◆ What this task involves
Return the data below exactly, please, but drop the pictures.

◆ The data
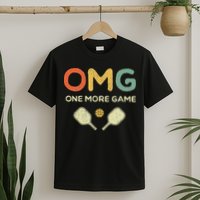 One More Game OMG Retro Funny Pickleball Lover Pickle Ball T-Shirt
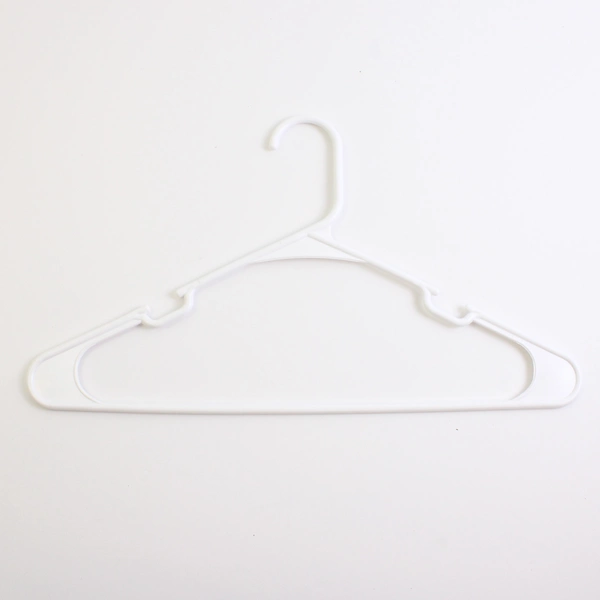 Lot of 10 White Notched Tubular Plastic Clothes Hangers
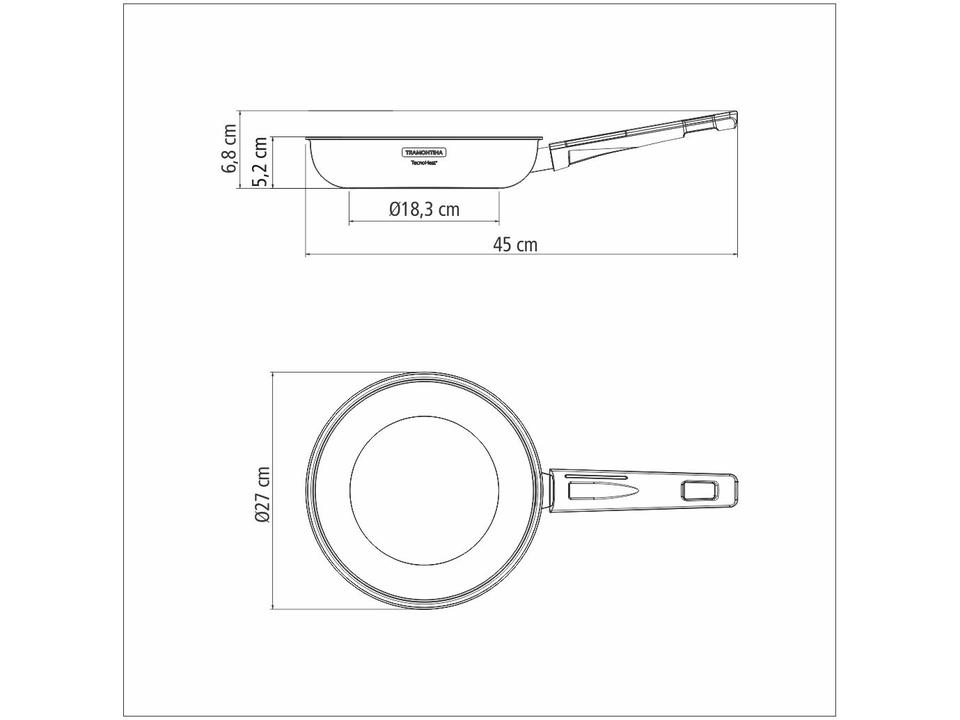 Frigideira Antiaderente Tramontina Inox Fundo Triplo Grano Baquelite 26cm - 9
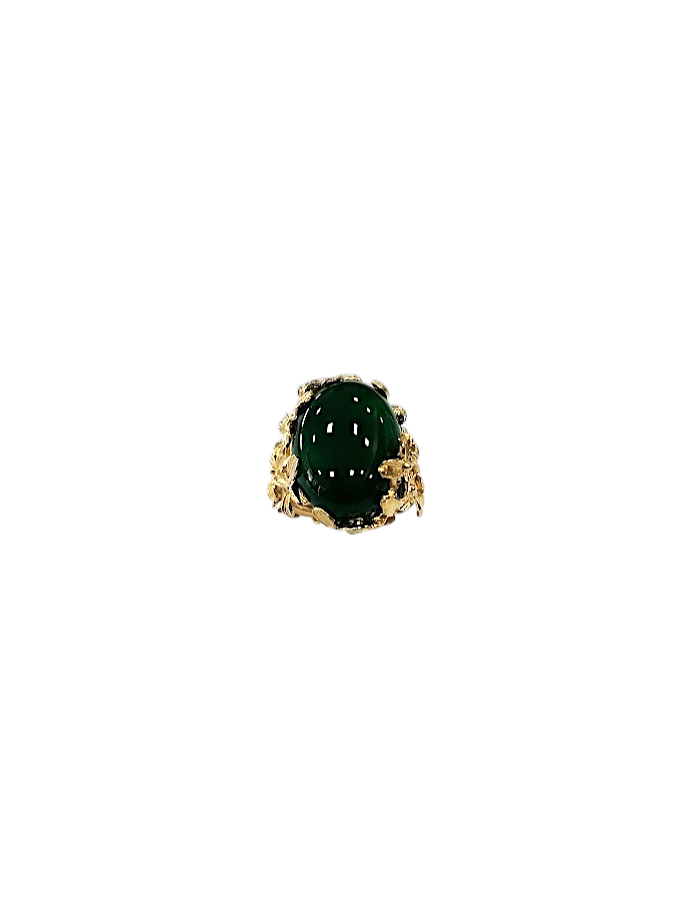 Anello in Argento 925 Dorato – Collezione Fiori Daphne Pietre in Agata Verde 20×15 mm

◆ Task solution
 One More Game OMG Retro Funny Pickleball Lover Pickle Ball T-Shirt
 Lot of 10 White Notched Tubular Plastic Clothes Hangers
 Frigideira Antiaderente Tramontina Inox Fundo Triplo Grano Baquelite 26cm - 9
 Anello in Argento 925 Dorato – Collezione Fiori Daphne Pietre in Agata Verde 20×15 mm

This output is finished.